"""
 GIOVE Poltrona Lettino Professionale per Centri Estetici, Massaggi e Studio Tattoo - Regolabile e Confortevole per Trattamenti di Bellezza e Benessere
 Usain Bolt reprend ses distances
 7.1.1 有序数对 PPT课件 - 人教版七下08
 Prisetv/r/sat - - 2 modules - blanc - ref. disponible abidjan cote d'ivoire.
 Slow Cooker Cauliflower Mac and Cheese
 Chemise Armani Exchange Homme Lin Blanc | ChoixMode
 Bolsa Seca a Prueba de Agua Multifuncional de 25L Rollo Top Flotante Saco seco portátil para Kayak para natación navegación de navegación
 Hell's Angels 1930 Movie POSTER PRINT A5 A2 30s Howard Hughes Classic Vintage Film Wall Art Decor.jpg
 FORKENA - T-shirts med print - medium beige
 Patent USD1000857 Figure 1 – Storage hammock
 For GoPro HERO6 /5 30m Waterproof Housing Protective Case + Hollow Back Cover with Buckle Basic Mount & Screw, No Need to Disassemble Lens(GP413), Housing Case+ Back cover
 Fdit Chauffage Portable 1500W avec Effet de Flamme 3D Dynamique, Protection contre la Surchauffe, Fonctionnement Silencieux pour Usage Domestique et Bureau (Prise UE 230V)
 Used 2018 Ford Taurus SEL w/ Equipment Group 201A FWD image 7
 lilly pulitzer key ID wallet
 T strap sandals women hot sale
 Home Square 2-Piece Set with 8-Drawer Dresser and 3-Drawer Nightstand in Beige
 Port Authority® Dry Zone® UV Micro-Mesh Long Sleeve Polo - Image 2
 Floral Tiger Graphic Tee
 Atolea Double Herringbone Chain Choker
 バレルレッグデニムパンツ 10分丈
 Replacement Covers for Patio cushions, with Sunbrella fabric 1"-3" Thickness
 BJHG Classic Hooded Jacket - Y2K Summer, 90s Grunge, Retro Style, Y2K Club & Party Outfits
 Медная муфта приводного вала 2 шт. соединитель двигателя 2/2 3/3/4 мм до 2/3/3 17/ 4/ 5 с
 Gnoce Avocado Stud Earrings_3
"""
> _Assignment_: Take the lines above and retype all of them exactly.

> _Reply_:
 GIOVE Poltrona Lettino Professionale per Centri Estetici, Massaggi e Studio Tattoo - Regolabile e Confortevole per Trattamenti di Bellezza e Benessere
 Usain Bolt reprend ses distances
 7.1.1 有序数对 PPT课件 - 人教版七下08
 Prisetv/r/sat - - 2 modules - blanc - ref. disponible abidjan cote d'ivoire.
 Slow Cooker Cauliflower Mac and Cheese
 Chemise Armani Exchange Homme Lin Blanc | ChoixMode
 Bolsa Seca a Prueba de Agua Multifuncional de 25L Rollo Top Flotante Saco seco portátil para Kayak para natación navegación de navegación
 Hell's Angels 1930 Movie POSTER PRINT A5 A2 30s Howard Hughes Classic Vintage Film Wall Art Decor.jpg
 FORKENA - T-shirts med print - medium beige
 Patent USD1000857 Figure 1 – Storage hammock
 For GoPro HERO6 /5 30m Waterproof Housing Protective Case + Hollow Back Cover with Buckle Basic Mount & Screw, No Need to Disassemble Lens(GP413), Housing Case+ Back cover
 Fdit Chauffage Portable 1500W avec Effet de Flamme 3D Dynamique, Protection contre la Surchauffe, Fonctionnement Silencieux pour Usage Domestique et Bureau (Prise UE 230V)
 Used 2018 Ford Taurus SEL w/ Equipment Group 201A FWD image 7
 lilly pulitzer key ID wallet
 T strap sandals women hot sale
 Home Square 2-Piece Set with 8-Drawer Dresser and 3-Drawer Nightstand in Beige
 Port Authority® Dry Zone® UV Micro-Mesh Long Sleeve Polo - Image 2
 Floral Tiger Graphic Tee
 Atolea Double Herringbone Chain Choker
 バレルレッグデニムパンツ 10分丈
 Replacement Covers for Patio cushions, with Sunbrella fabric 1"-3" Thickness
 BJHG Classic Hooded Jacket - Y2K Summer, 90s Grunge, Retro Style, Y2K Club & Party Outfits
 Медная муфта приводного вала 2 шт. соединитель двигателя 2/2 3/3/4 мм до 2/3/3 17/ 4/ 5 с
 Gnoce Avocado Stud Earrings_3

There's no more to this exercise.